怠惰な日々

 *blogではありません。日記です。

聴こえてる、ふりをしただけ

朝から渋谷へ。忘れ物をして冷や冷やしたけれども、なんとか「聴こえてる、ふりをしただけ」の初回上映に間に合った。ギリギリにもかかわらず、なんとかまずまずの席を確保できた。
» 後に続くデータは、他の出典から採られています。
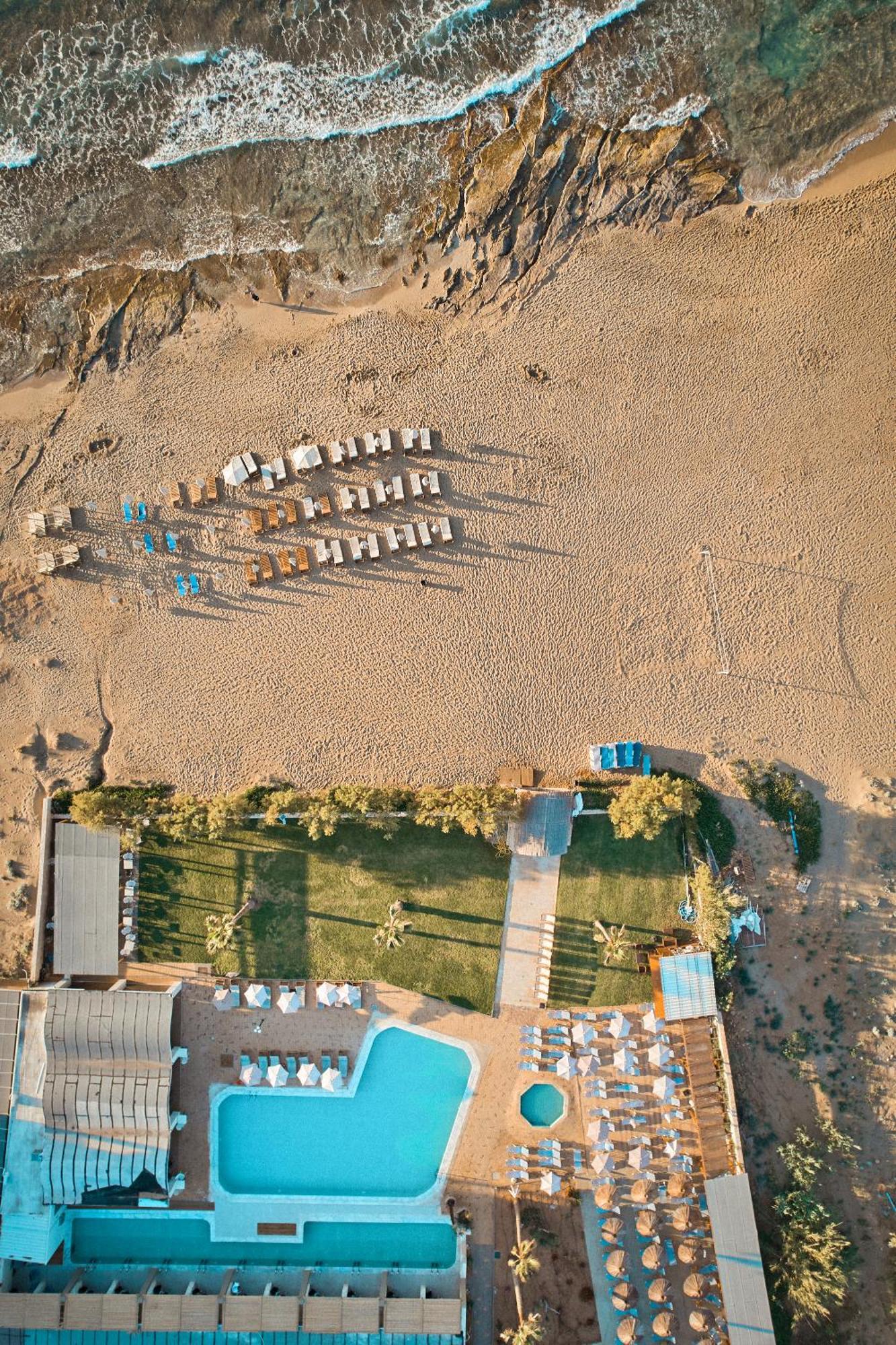 Malia Bay Beach Hotel & Bungalows Exterior photo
ストーリーはは割愛するとして、印象に残ったのは細かな描写がいきとどいていること。ちょっとしたしぐさで気持ちを表現させているので、少ない台詞と短い時間で心情を深く伝えてくる。例えば序盤のエプロンのシーンなどがそうだ。オーバーな演技を排して普通の振る舞いから感じられる心の傷が観客の共感を呼ぶ。最終盤ではもう目がほろほろとしてきた。が、決して泣くために見る映画ではない。人間はこうして成長していくんだなあ、こうして傷をふさいでいくんだなあ、とそういう気持ちがわき出てくる。できれば映画館で、それが無理ならせめて作品の時間をきちんと確保して集中して見て欲しい映画だった。
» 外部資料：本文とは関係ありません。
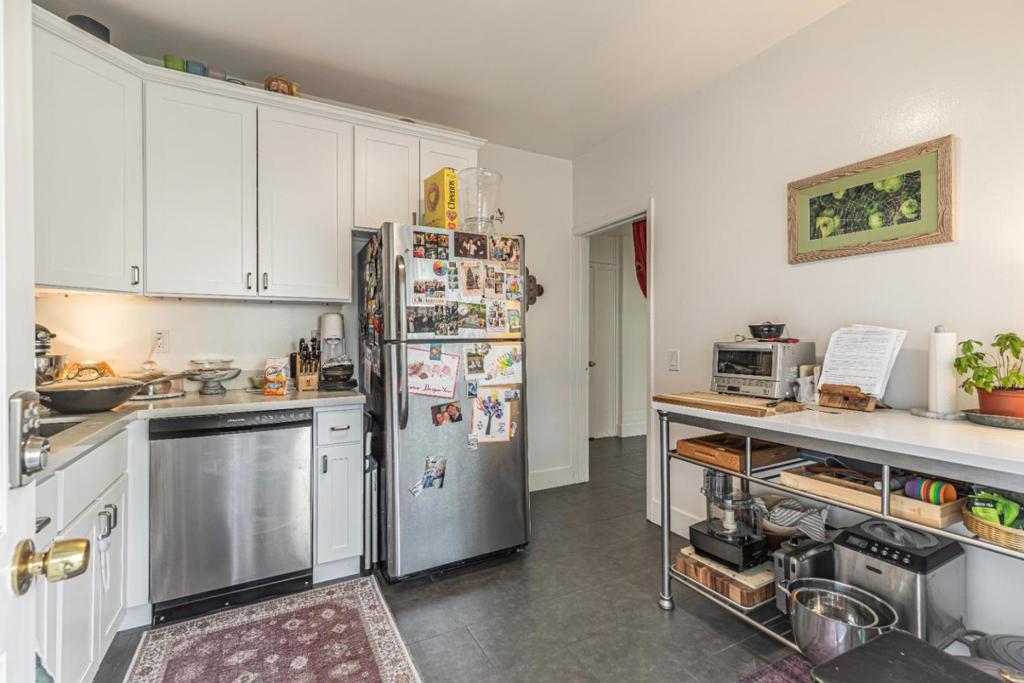827 University Avenue Property Photo 17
上映後舞台挨拶というものがあり、自分にとっては初めての体験。今泉監督は小学生役の子供たちと同じくらい小柄で、女優さんと同じくらい輝いていた。
タイトルの意味を僕なりに考えると、起こったこと、聴こえたことをありのままに受け止められることができず、ありのままに振る舞うこともできず、偽って生活していたことを徐々に気付いていき、喪失を自分の一部にすることができるようになったということだと思う。一見わかりやすいようでわかりにくく、でもそれを考えることが映画の理解を助けるという意味で、秀逸なタイトルだと思う。
渋谷ではヒカリエでギャラリーを観覧。さほど気に入ったものはなかった。
靴の底が剥がれかけたので接着剤を買った。